Spam Filters Explained

What do they do? How do they work? Which one is right for me? By Alan Hearnshaw

Spam is a very real problem that many people have to deal with on a daily basis. For those that have decided to do something about it and start to investigate the options available in spam filtering, this article provides a brief introduction to your options and the types of spam filters available.

Despite the bewildering array of spam filters available today, all claiming to the best one "of its kind" there are really just five filtering methodologies in general use today and all products rely on one, or a combination of these:

Content-Based Filters

"In the beginning, there were content-based filters."

These filters scan the contents of the and look for tell-tale signs that the message is spam. In the early days of spamming it was quite simple to look out for "Kill Words" such as "Lose Weight" and mark a message as spam if it was found.

Very soon though, spammers got wise to this and started resorting to all kinds of tricks to get their message past the filters. The days of "obfuscation" had begun.

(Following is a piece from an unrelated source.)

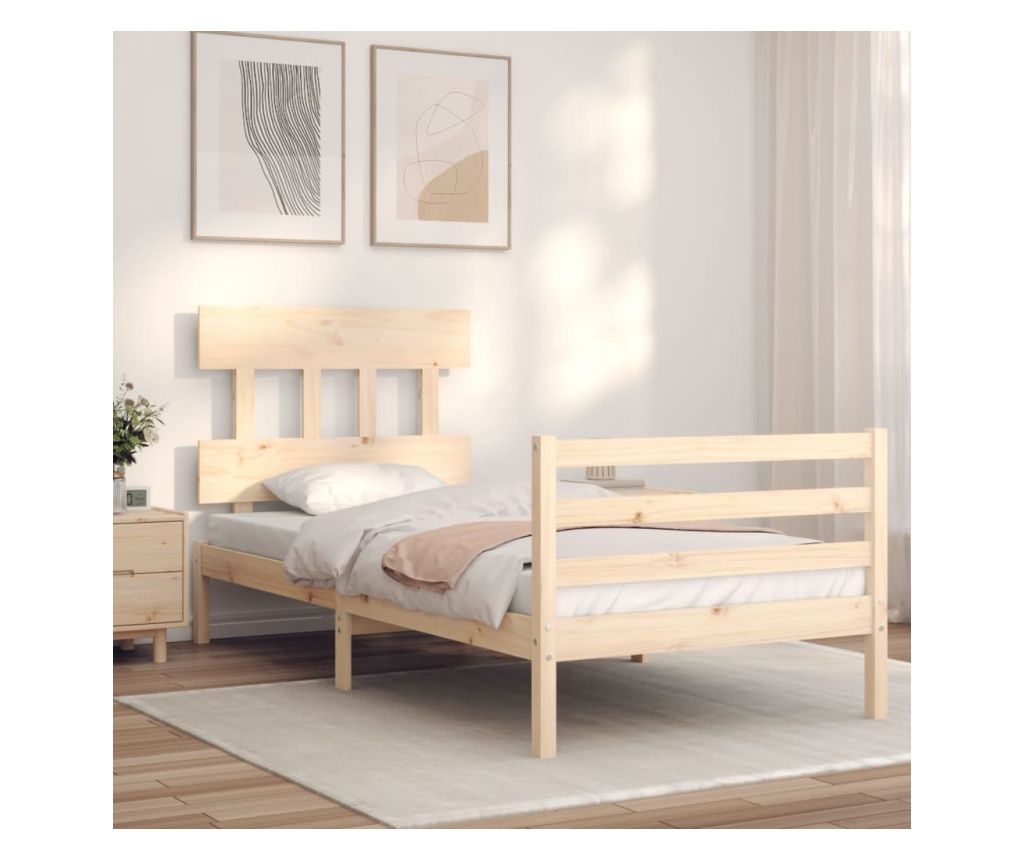 Enojna posteljna osnova z vzglavjem, masivni les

We started getting messages containing the phrase "L0se Welght" (Notice the zero for "o" and "l" for "i") and even more bizarre ? and sometimes quite ingenious ? variations.

This rendered basic content-based filters somewhat ineffective, although there are one or two on the market now that are clever enough to "see through" theses attempts and still provide good results.

Bayesian Based Filters

"The Reverend Bayes comes to the rescue"

Born in London 1702, the son of a minister, Thomas Bayes developed a formula which allowed him to determine the probability of an event occurring based on the probabilities of two or more independent evidentiary events.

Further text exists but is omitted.